A short overview of statistical learning theory

Statistical learning theory involves evaluating the amount of data needed to obtain a certain prediction accuracy. There are differences between statistics and machine learning, even though the two areas share common goals.

Differences between statistics and machine learning

Indeed, both seem to be trying to use data to improve decisions. While these areas have evolved in the same direction and now have many aspects, they were quite different. Statistics existed long before machine learning, and statistics was already a fully developed scientific discipline by 1920, especially thanks to the contributions of R. Fisher, who popularized maximum probability estimation (MLE) as a systematic tool for statistical inference.

However, MLE essentially requires workshop knowledge of the probability distribution from which the data are extracted, up to an unknown interest parameter. Often, the unknown parameter has a physical significance, and its estimation is essential to understand some phenomena better. Activating MLE, therefore, requires you to know a lot about the data generation process: this is known as modeling. Modeling can be driven by physics or prior knowledge of the problem. In any case, it requires quite a lot of field knowledge.

Introducing the new types of data

More recently (examples date back to the 1960s), new data sets (demographic, social, medical data) have become available. However, modeling the data contained is much more dangerous because we do not understand the input/output process, thus requiring a non-distributed approach. A typical example is the classification of images in which the purpose is to label an image simply from the digitization of that image. Understanding what makes a picture a cat or a dog, for example, is a very complicated process.

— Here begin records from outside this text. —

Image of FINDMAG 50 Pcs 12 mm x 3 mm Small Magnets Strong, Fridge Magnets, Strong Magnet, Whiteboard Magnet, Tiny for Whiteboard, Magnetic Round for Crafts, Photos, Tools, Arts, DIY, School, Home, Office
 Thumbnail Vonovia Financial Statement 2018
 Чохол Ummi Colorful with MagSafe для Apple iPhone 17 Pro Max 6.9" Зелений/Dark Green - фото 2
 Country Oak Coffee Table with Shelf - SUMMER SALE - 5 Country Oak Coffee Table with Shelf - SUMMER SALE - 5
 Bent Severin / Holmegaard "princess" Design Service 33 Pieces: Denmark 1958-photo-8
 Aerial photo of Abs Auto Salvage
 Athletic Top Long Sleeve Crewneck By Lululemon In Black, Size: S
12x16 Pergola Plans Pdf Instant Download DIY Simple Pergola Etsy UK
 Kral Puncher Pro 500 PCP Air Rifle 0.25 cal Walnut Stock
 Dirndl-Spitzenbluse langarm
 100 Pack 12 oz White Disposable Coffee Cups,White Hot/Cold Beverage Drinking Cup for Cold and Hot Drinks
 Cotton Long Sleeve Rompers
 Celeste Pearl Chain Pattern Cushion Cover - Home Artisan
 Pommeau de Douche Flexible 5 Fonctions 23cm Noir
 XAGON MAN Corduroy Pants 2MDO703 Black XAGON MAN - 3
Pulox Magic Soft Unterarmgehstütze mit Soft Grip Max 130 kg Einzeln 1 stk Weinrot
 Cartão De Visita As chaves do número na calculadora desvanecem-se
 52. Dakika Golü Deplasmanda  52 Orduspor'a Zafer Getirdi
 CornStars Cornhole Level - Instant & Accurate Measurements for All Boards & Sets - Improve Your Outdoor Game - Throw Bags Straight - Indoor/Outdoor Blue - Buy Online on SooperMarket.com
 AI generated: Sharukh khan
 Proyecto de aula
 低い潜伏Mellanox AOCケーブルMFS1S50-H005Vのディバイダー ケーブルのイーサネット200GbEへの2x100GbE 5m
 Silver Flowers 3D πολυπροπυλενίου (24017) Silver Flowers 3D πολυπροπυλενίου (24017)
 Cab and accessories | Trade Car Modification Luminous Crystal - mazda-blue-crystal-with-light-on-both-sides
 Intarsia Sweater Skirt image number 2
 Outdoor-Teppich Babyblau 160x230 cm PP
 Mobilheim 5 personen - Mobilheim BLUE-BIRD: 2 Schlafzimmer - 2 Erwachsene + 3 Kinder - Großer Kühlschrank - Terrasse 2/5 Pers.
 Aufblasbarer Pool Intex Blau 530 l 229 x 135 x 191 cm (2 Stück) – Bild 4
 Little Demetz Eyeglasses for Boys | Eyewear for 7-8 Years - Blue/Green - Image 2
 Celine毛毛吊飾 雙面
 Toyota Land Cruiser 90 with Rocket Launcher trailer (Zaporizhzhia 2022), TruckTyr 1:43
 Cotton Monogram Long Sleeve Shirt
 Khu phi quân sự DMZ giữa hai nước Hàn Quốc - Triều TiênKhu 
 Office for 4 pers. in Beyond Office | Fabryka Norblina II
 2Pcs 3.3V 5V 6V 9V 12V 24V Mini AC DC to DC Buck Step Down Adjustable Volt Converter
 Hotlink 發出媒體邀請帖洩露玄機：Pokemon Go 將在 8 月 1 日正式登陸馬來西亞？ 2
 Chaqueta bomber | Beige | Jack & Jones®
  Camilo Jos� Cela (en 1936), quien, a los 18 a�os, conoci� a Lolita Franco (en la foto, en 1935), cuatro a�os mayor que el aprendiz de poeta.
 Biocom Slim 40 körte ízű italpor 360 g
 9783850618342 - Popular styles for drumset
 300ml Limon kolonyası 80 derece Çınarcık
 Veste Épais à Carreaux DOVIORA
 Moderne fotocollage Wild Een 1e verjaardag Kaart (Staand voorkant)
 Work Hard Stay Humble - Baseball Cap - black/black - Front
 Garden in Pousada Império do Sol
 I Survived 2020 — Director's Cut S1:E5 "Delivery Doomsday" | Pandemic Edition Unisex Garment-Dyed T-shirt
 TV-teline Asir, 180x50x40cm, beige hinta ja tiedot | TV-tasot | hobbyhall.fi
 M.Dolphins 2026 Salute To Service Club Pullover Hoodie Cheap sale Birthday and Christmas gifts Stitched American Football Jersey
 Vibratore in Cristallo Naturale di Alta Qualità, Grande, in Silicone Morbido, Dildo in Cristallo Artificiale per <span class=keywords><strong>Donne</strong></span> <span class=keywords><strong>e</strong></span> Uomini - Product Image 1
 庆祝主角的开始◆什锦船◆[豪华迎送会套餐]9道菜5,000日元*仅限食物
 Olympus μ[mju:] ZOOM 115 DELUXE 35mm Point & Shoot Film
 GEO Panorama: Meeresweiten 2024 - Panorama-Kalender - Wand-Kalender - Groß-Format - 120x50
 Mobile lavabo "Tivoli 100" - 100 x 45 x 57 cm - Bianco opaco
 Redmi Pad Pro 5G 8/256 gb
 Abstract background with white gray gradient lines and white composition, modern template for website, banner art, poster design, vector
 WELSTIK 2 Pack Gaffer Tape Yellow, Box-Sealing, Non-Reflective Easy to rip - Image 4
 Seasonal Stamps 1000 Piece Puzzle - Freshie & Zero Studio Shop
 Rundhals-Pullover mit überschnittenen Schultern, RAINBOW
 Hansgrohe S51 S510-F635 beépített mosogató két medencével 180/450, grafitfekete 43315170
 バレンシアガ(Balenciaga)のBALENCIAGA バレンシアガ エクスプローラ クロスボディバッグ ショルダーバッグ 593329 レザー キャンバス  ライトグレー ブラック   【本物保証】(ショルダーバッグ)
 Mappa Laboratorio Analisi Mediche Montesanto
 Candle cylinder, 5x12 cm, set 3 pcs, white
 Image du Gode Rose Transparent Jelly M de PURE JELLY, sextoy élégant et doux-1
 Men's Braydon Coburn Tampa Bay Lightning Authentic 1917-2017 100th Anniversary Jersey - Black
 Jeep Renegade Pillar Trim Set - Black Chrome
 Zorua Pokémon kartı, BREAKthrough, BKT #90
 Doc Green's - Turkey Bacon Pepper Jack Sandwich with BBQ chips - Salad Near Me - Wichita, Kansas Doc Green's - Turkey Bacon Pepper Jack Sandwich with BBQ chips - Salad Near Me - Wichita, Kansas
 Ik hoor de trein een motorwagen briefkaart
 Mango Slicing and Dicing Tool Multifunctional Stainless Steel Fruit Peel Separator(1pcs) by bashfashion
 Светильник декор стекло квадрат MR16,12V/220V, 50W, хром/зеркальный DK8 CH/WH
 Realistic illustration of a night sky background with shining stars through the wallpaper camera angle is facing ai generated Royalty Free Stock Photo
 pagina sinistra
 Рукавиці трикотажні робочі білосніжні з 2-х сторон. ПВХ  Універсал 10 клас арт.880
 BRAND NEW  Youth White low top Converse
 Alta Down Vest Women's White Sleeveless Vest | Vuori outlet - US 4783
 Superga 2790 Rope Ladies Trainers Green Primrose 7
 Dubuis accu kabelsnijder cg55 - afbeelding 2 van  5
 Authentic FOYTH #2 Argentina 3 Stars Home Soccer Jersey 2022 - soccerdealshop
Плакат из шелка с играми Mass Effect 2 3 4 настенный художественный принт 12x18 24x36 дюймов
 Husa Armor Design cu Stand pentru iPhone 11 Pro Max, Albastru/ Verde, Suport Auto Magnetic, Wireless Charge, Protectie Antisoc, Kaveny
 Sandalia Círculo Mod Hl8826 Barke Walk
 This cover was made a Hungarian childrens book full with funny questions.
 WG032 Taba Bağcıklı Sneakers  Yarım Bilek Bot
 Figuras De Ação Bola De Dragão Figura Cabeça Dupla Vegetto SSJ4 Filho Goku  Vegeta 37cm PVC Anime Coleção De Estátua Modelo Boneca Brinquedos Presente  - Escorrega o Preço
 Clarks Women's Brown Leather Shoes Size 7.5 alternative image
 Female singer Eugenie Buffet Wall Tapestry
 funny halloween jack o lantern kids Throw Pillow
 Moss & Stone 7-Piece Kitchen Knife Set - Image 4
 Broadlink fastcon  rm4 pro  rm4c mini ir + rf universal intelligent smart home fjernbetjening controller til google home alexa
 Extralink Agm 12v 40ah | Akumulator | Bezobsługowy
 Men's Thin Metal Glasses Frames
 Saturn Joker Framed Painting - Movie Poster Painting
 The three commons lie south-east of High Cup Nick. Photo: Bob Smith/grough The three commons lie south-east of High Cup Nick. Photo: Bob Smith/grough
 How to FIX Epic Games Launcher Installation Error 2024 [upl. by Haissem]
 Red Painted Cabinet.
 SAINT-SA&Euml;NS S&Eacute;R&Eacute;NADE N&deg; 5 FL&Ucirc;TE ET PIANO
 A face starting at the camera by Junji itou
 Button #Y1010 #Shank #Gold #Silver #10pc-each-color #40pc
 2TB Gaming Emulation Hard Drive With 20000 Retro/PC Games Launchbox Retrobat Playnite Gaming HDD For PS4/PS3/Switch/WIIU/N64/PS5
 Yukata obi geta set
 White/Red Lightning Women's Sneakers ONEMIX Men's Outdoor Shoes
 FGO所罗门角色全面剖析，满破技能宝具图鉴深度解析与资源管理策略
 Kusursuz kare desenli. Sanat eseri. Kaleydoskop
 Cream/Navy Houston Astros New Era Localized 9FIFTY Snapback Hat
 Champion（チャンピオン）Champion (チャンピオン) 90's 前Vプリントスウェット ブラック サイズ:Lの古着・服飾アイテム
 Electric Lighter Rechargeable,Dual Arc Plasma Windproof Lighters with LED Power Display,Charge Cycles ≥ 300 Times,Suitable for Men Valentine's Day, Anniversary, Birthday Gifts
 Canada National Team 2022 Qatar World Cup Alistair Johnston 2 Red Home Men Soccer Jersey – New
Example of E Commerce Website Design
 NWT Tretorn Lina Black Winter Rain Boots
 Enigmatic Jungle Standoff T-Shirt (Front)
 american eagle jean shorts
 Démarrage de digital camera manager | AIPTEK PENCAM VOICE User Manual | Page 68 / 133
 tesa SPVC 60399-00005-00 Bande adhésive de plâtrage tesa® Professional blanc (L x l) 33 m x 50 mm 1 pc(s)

However, we do not need to understand the labeling process for the classification task but rather to reproduce it. In this sense, machine learning favors a black-box approach.

Conclusions

These differences between statistics and machine learning have narrowed in recent decades. On the one hand, statistics are increasingly concerned with the analysis of the finite sample, the incorrect specification of the model, and the calculation considerations. On the other hand, probabilistic modeling is now inherent in machine learning. At the intersection of the two fields is the theory of statistical knowledge, which deals primarily with questions about the sample’s complexity.